* **Records for the task**:

* * * * * * * * *

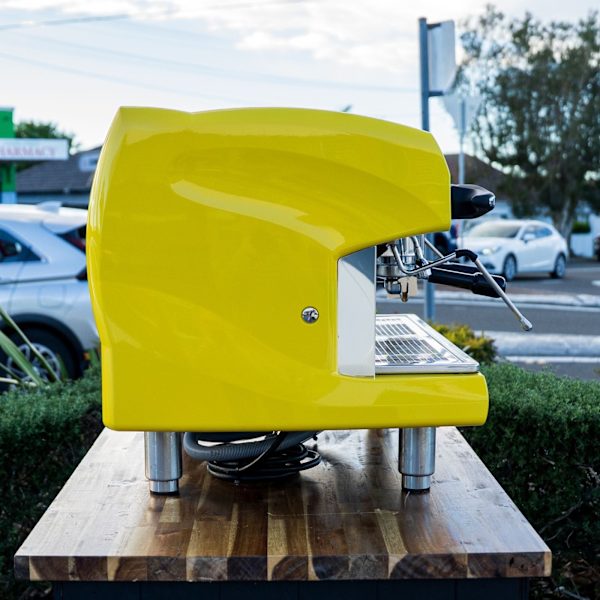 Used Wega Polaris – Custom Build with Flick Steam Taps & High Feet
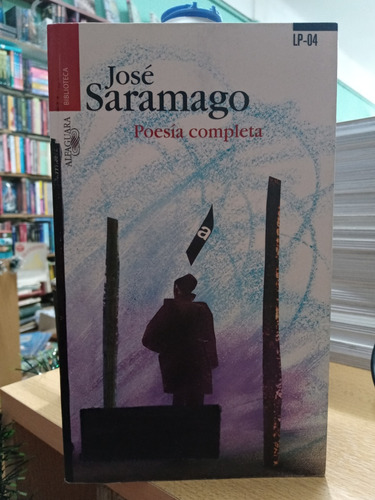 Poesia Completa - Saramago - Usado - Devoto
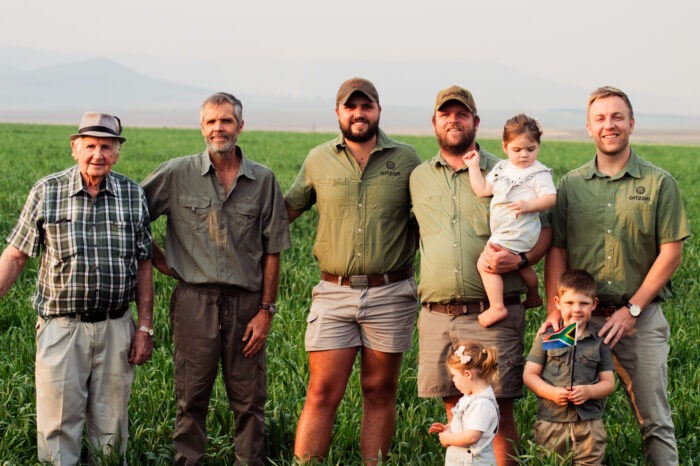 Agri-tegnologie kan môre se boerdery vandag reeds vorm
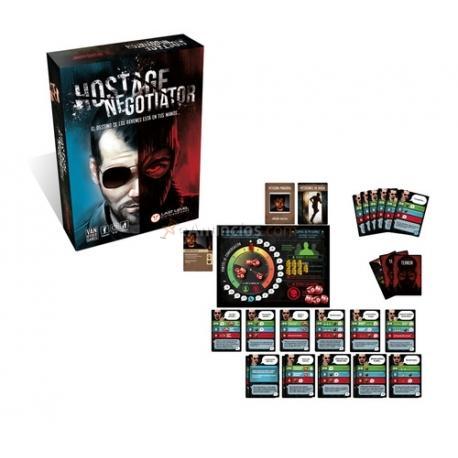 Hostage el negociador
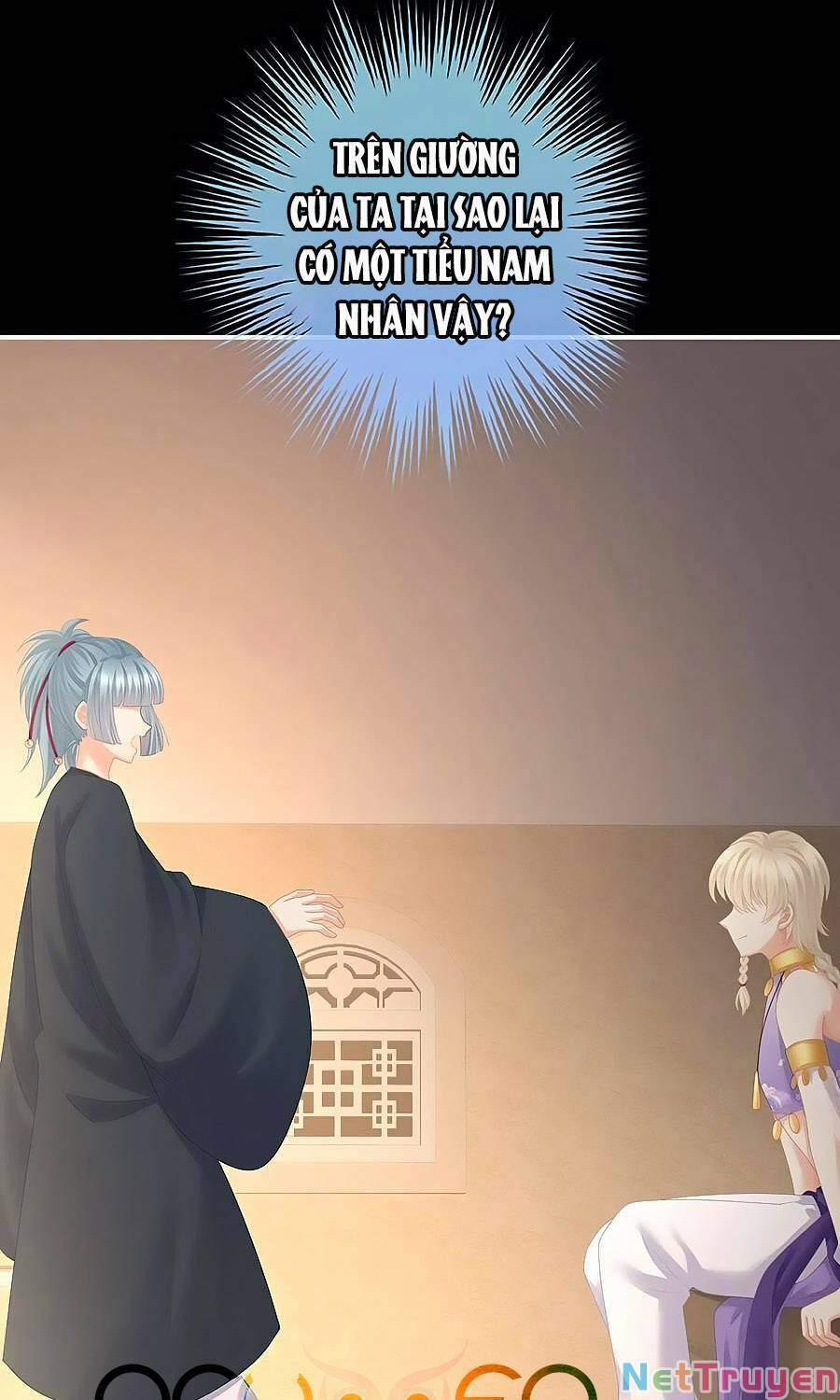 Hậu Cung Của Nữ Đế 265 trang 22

* * * * * * * * *

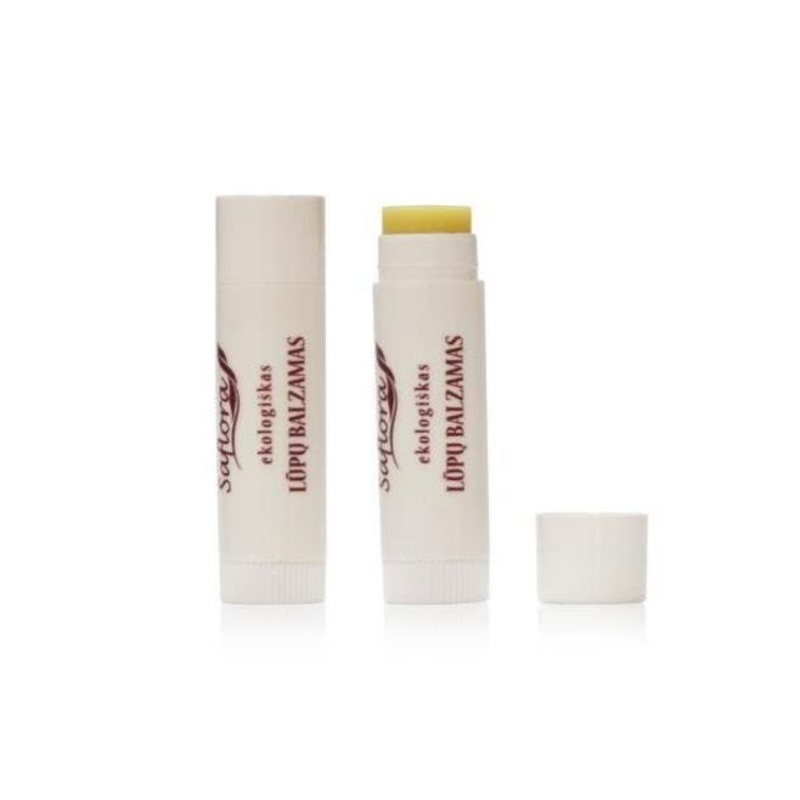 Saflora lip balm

* * * * * * * * *

* **Work instruction**:
In the records above, find the line with "Poesia Completa - Saramago - Usado - Devoto" and the line with "Hậu Cung Của Nữ Đế 265 trang 22", then restate word for word only those two lines and all lines between, omitting pictures.

* **Result of the exercise**:
 Poesia Completa - Saramago - Usado - Devoto
 Agri-tegnologie kan môre se boerdery vandag reeds vorm
 Hostage el negociador
 Hậu Cung Của Nữ Đế 265 trang 22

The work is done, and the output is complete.